The problem:
I need the lines below from the one with "och fler får" down to the one with "CHANEL CoCo Vintage" reproduced exactly, both ends included, and nothing else.

The data:
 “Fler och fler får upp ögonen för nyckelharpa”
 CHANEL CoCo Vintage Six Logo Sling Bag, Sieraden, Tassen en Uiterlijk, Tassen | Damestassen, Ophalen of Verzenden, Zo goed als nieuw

* * *

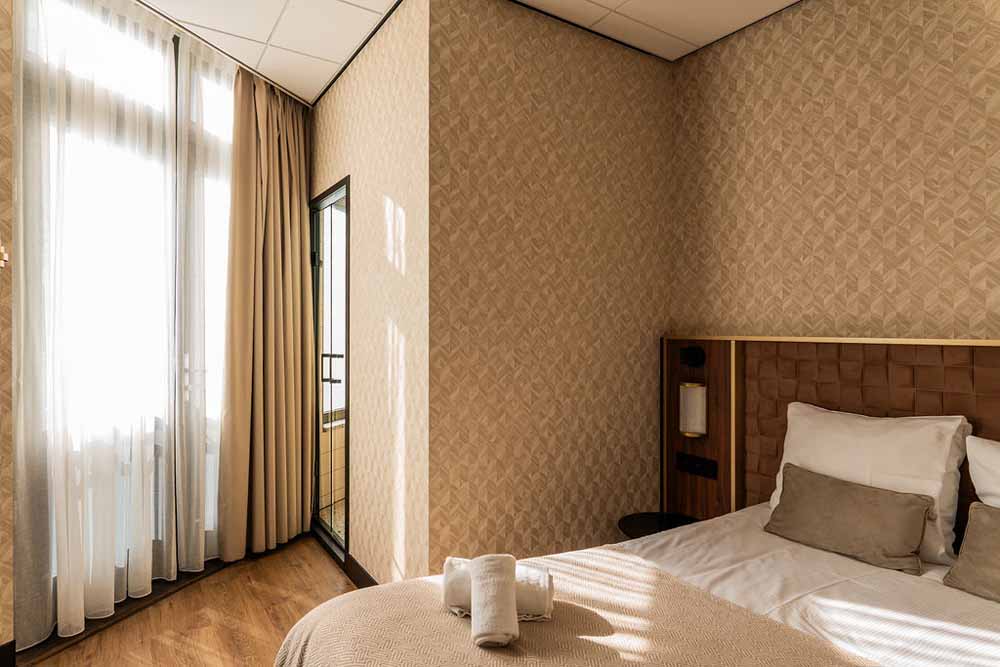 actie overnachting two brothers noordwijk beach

Your response:
 “Fler och fler får upp ögonen för nyckelharpa”
 CHANEL CoCo Vintage Six Logo Sling Bag, Sieraden, Tassen en Uiterlijk, Tassen | Damestassen, Ophalen of Verzenden, Zo goed als nieuw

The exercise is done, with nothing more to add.